Sunday, 18 November 2018

Game Industry - Stop hiring designers, start hiring more programmers!

I use to believe the main bottleneck in the game industry was caused by the fact that they're was too many designers that were unable to boil down complex systems into their essential components. This was caused by a lack of industry-wide standard design methodologies and practices.

The famous Ubisoft's Rational Design school of thought is the closest that we have to an actual universal design process for game development. But I've recently changed my opinion and observed evidences that I was wrong.

After analyzing the recent bug-ridden AAA game releases that's slowly causing a growing customer-revolt and damaging the relationship between the customers and the creators, I've come to the conclusion that the core issue within the game industry is not the lack of good design ideas but a lack of people that actually knows how to implement them correctly.

We have an industry filled to the brim with creative people but of few that can actually implement their ideas in code. And this is caused by the fact that the video-game industry has shifted from a software into a creative-driven field. But the truth of the matter, video-games are SOFTWARE not paintings, not films and not work of arts that need to be displayed in a museum but programs that run on computers.

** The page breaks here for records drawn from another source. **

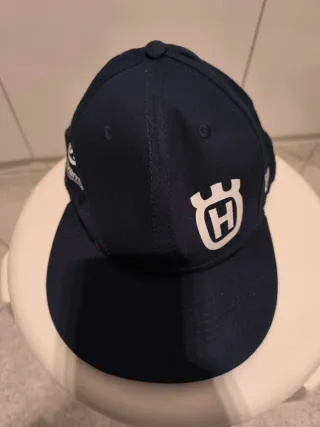 Cappello Husqvarna Blu Nuovo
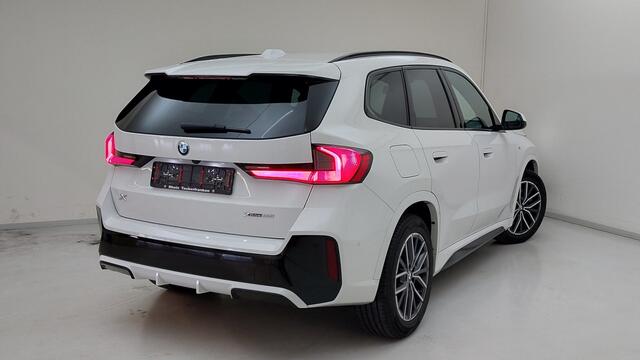 BMW X1 xDrive23i M-Sport | Stoel/Stuurverwarming | Adaptief onderstel | 18"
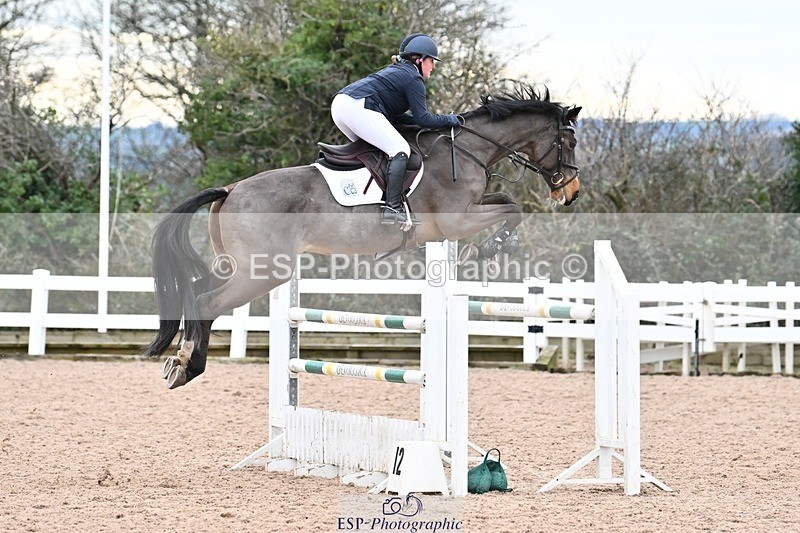 250112-144435-01721 - Cls 21 Foxhunter and 1.20m Open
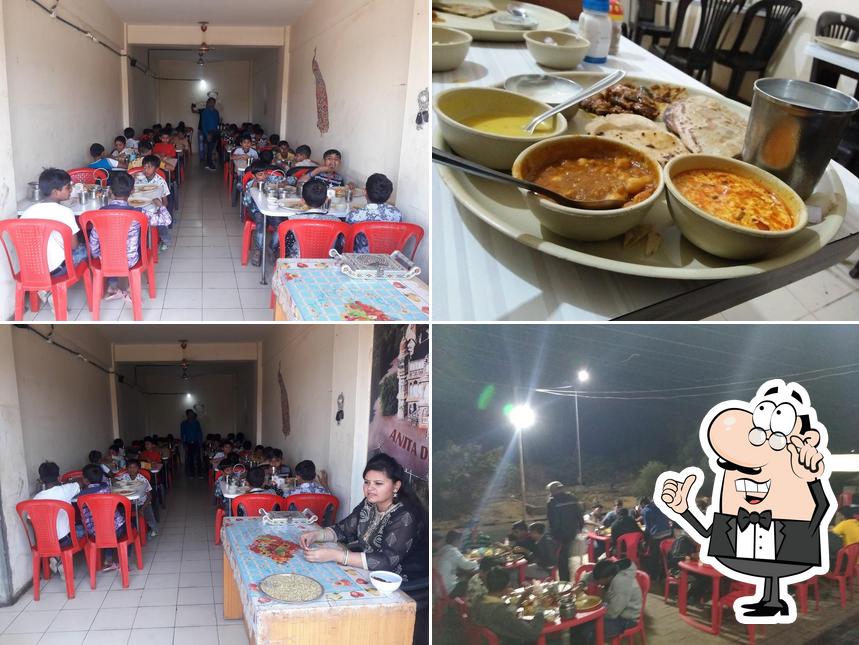 Check out how Anita dining hall looks inside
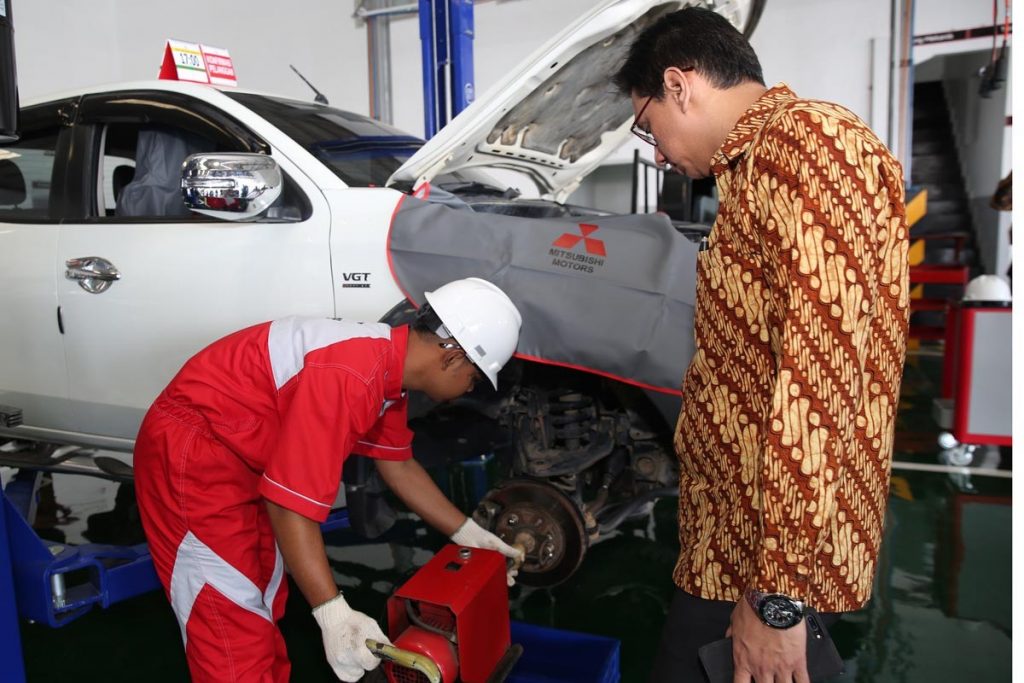PT MMKSI Resmikan Dealer Kendaraan Penumpang Pertama di Banjarbaru  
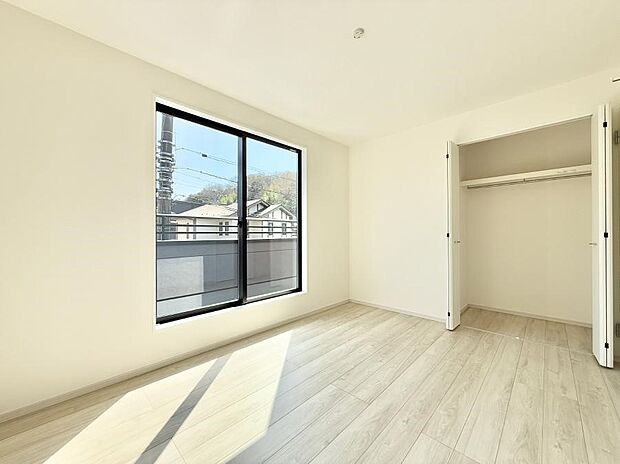 【子供部屋】1号棟  ■仕事や勉強のスペースに使うことで、集中しやすく静かな環境が整います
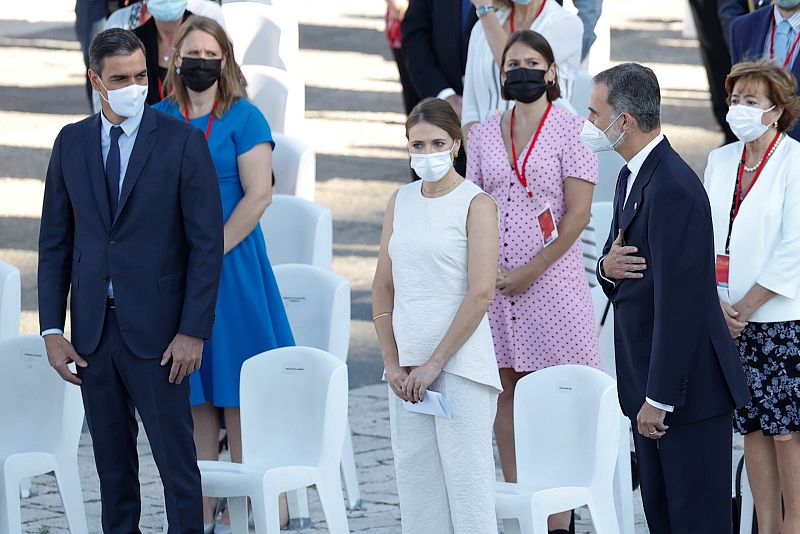 El rey Felipe VI y el presidente del gobierno Pedro Sánchez, durante el acto, que también reconocía al personal sanitario.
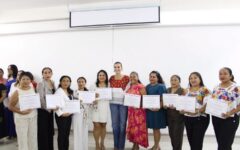 Reconocen a bibliotecarias y bibliotecarios quintanarroenses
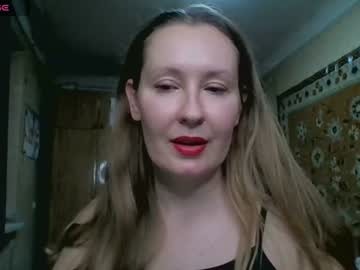 AnnaXLovers  (X- @AnnaX_Lovers), live webcam girl, age 31, streaming now, lovense, feet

The industry has forgotten it's roots his in the Silicon Valley hacking culture and not in the Hollywood system. At the end of the day, video-games are a 80% technical endeavor and 20% creative process. The current tropes and core design ideas were not invented by designers but programmers. Not even 40 years ago, games were made by one person, a programmer. But as the "cool" factor of the industry started going mainstream, it attracted people from other fields that didn't understood the software development process.

The current panoply of game studios have pivoted towards such a creative focus organization structure that programmers are being left behind when in fact they're the actual people that make video-games even possible. And that's the root cause why there's so many bug-ridden AAA games coming out with incomplete features and patches that are bigger in-size than the actual original version of the released game.